Hermann Hesse est pourtant toujours resté fidèle à son éditeur. Selon Volker Michels, il voulait ainsi appuyer les personnes qui, au sein de Suhrkamp, s’opposaient à la politique culturelle des nazis. «Il y a peu d’auteurs qui ont résisté aux turbulences de la politique allemande d’une manière aussi intègre que lui et surtout résisté aux tentations des recettes miracles de l’idéologie nazie», résume l’éditeur.

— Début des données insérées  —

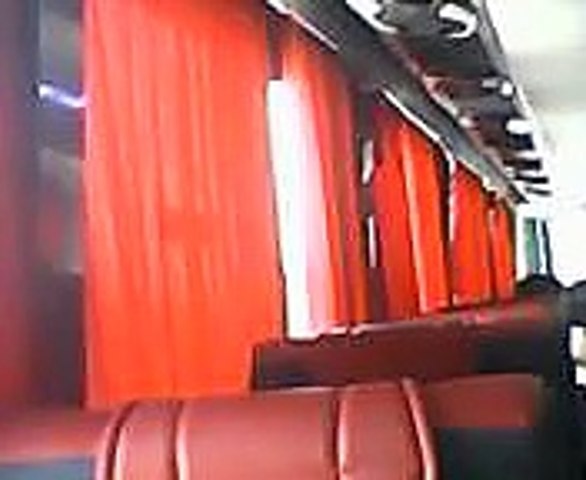 travelling vlogs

La grande reconnaissance est à encore à venir

«Quand Le loup des steppes» a paru, en 1927, pas un seul journal allemand n’en a publié des passages», rappelle Volker Michels. Le ressentiment national contre l’écrivain naturalisé suisse ne se dissipa que peu à peu, après sa désignation comme Prix Nobel de littérature en 1946.

«Il faudra peut-être encore une génération pour que Hermann Hesse soit véritablement reconnu pour ses qualités littéraires en Allemagne, ce qu’il mérite amplement», conclut l’éditeur. Dès 2032, ses œuvres tomberont dans le domaine public et n’importe qui pourra les imprimer. Un test grandeur nature pour la future popularité de l’auteur…

Né le 2 juillet 1877 à Calw, en Allemagne, Hermann Hesse a grandi avec deux parents missionnaires protestants.

Après cinq années à Bâle, la famille retourne à Calw. Hermann Hesse étudie au séminaire évangélique de Maulbronn (D).

Il passe une adolescence agitée par des troubles psychologiques accompagnés de pensées suicidaires, avant de suivre un apprentissage de libraire, à Tübingen, puis de décrocher un poste dans une librairie de Bâle.

Le roman «Peter Camenzind» (1903) est un succès. Il épouse Maria Bernoulli et s’installe à Gaienhofen, au bord du Lac de Constance.

Entre 1912  et 1919, la famille Hesse vit à Berne. Le couple se sépare et, en 1919, Hermann Hesse déménage au Tessin. C’est à Montagnola qu’il se remarie deux fois et qu’il commence à peindre.

Il obtient la nationalité suisse en 1924. En 1927 paraît son ouvrage le plus connu, «Le loup des steppes».

Hermann Hesse meurt le 9 août 1962 à Montagnola, laissant une œuvre aujourd’hui traduite en quelque 60 langues.

Un congrès international consacré à Hermann Hesse se tient à Berne du 27 au 30 mars.

En collaboration avec le Museum Hermann Hesse de Montagnola, le Kunstmuseum de Berne présente jusqu’au 12 août la première rétrospective de l’œuvre peinte de l’auteur germano-suisse.

Les 13e Journées Hesse de Sils (GR) organiseront une édition spéciale sur le thème «Musique, l’âme de tous les arts». 

La ville natale de l’écrivain, Calw, en Allemagne, célébrera son auteur sous le slogan «50e anniversaire du décès, 50 manifestations». 

A la Galerie Ludorff de Düsseldorf, les aquarelles et poèmes de l’artiste sont exposés jusqu’au 5 mai («Le début de l’art est l’amour»)

Leipzig organisera une journée Hermann Hesse le 18 novembre.